Aos seus olhos educados de inglesa de classe alta, a arte madeirense parecia, de modo geral, má. Depois de opinar que nas casas os quadros são raros, afirma que os “que existem são tão maus que mais valia retirá-los”, enquanto considera a igreja do Colégio cheia de “horríveis pinturas toscas”. Por outro lado, porém, a natureza da Ilha deslumbra-a. Em visita ao Rabaçal, depara-se com a levada do Risco e descreve-a assim: “Eu olhei para cima e senti-me como nunca mais me poderei voltar a sentir. Uma rocha alta, alta e côncava semicircular e um verde mais verde que qualquer um dos demais (…) A rocha é tão alta que na borda da mesma, ao olharmos para cima, esta senta-se contra o céu azul claro como se nele descansasse; enquanto a quietude perfeita de tudo ao redor (…) se combina para produzir uma sensação de intensa admiração - Eu deveria antes chamar-lhe Uau!”.
Quanto às pessoas vê-as de diferentes formas. Enquanto se espanta com a subserviência do feitor do marido que avançou para ela, “curvando-se até o chão” e lhe “abraçou os joelhos” ficando nessa atitude “à espera que lhe afagasse a cabeça”, considera os criados “invariavelmente corteses e bem-humorados. Têm o costume simpático de dizer “bom dia” e perguntar se se passou bem a noite”.

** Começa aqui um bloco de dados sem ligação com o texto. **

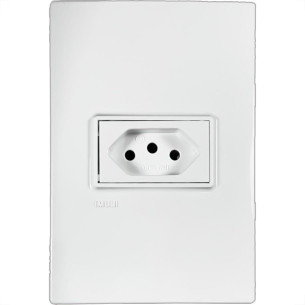 Kit C/2 - Conjunto Ilumi Vivaz Branco Com Placa 1 Tomada ...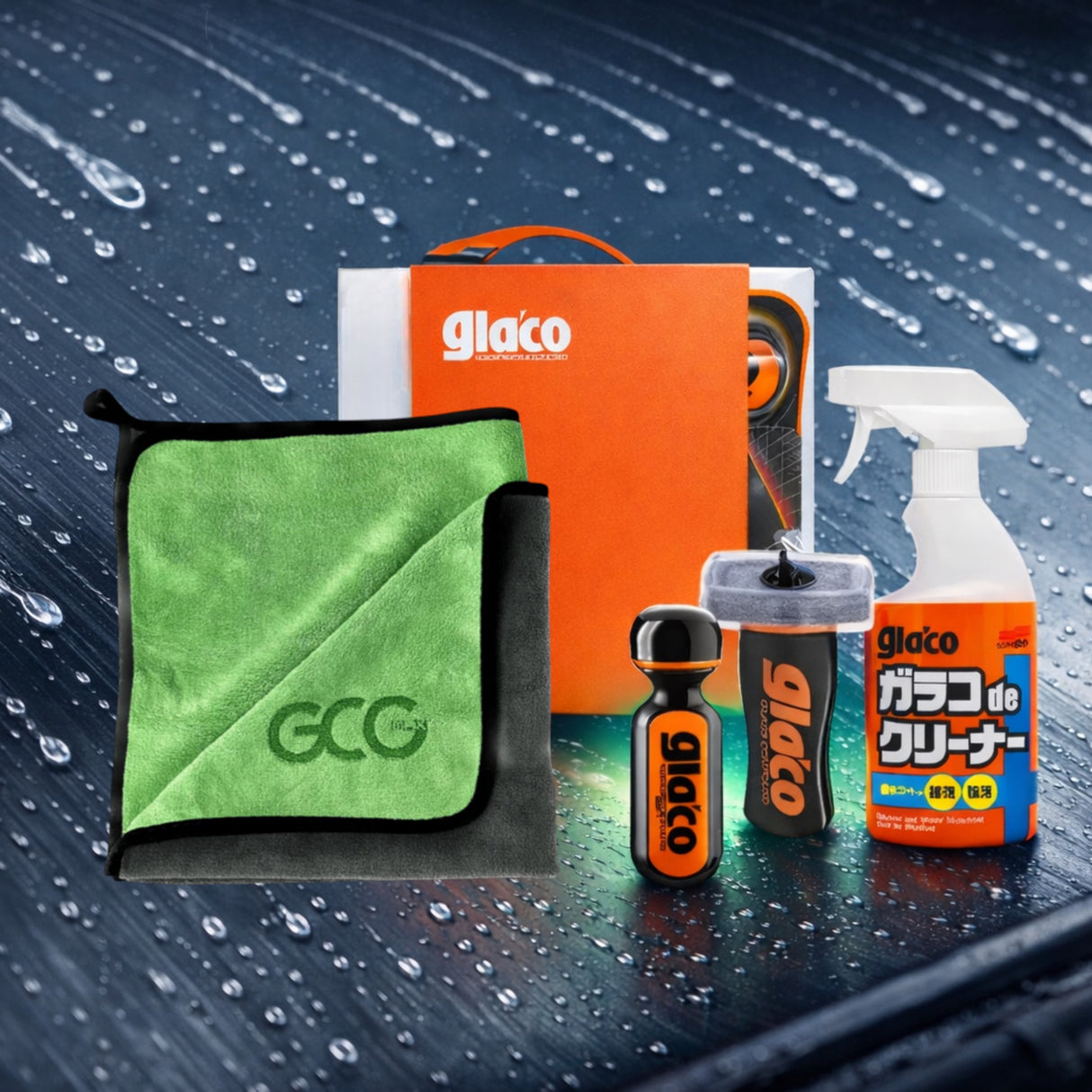 Soft99 Glaco Glasversiegelungs-Kit 3-in-1 + Mikrofasertuch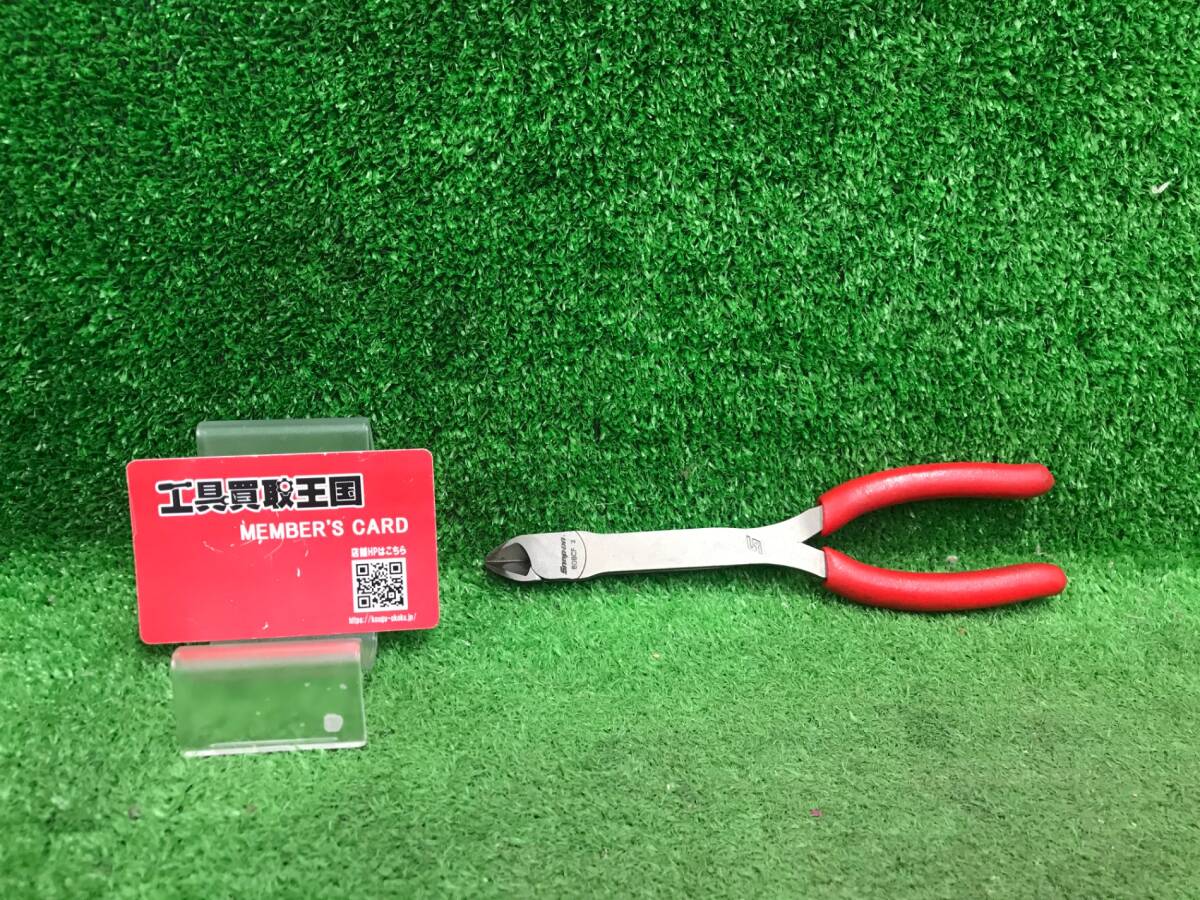 【中古品】★Snap-on スナップオン 7` コンパクトヘッド ロングニッパー 808CF / ITWSRCU480CG_画像1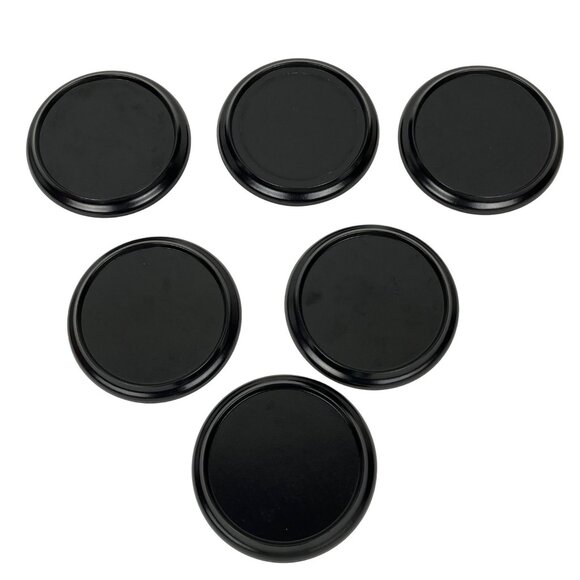 Red Lacquerware Holiday Christmas Tree Coaster Set Vintage Otagiri - Picture 5 of 8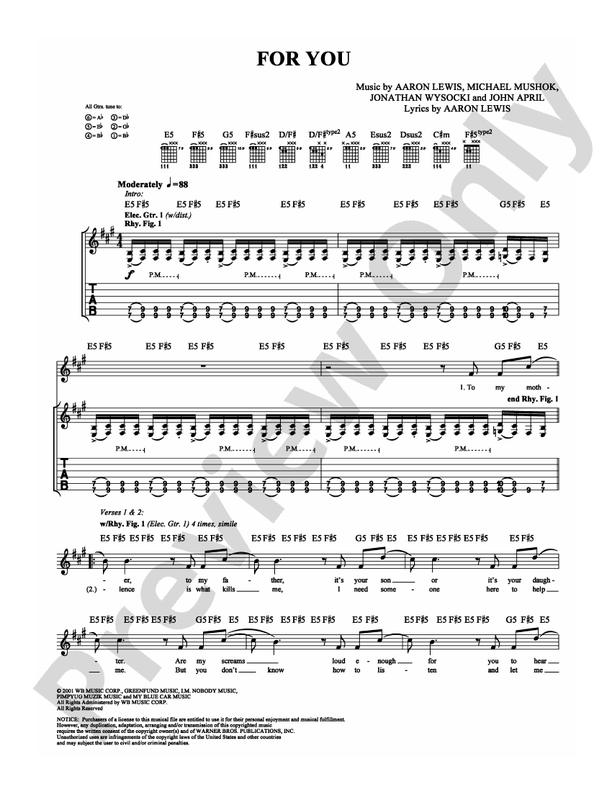 For You - Guitar TAB (Digital Download)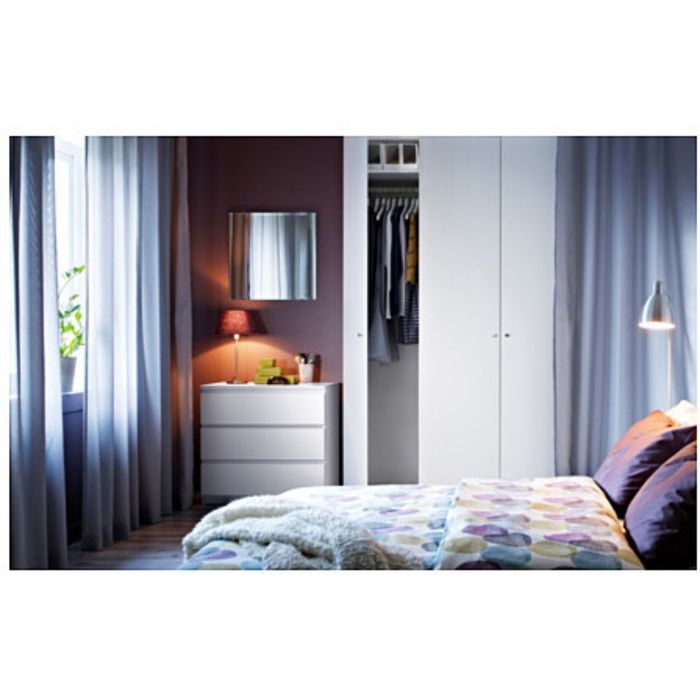 Комод с 3 ящиками, цвет белый МАЛЬМ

A alimentação também a surpreende, sobretudo os peixes, sobre os quais tece alguns comentários que hoje podem admirar. Do gaiado, por exemplo, que acha “asqueroso” e do atum, afirma que “estas duas espécies são raramente comidas por pessoas que não sejam pobres”. Já a espada é descrita como “um congro achatado ou uma serpente de lata feita para um catavento. Dizem que é bom de comer”. Outras vezes, contudo, a surpresa é pela afirmativa: “A canja portuguesa não é aquela coisa aguada a que em Inglaterra dão esse nome; é uma espécie de sustância (sic) de galinha, de gosto muito agradável”.
E assim se poderia continuar por muito tempo, assinalando os comentários de estranheza, regozijo, deslumbramento, crítica, apreço, enfim, de todas as emoções que a Madeira despertou nesta inglesa e que, curiosamente, também servem para dar informações sobre a Madeira que não se encontram em qualquer outro lado.
Na impossibilidade de aqui dar uma visão completa de tudo quanto este documento encerra, fica uma recomendação: leiam-no.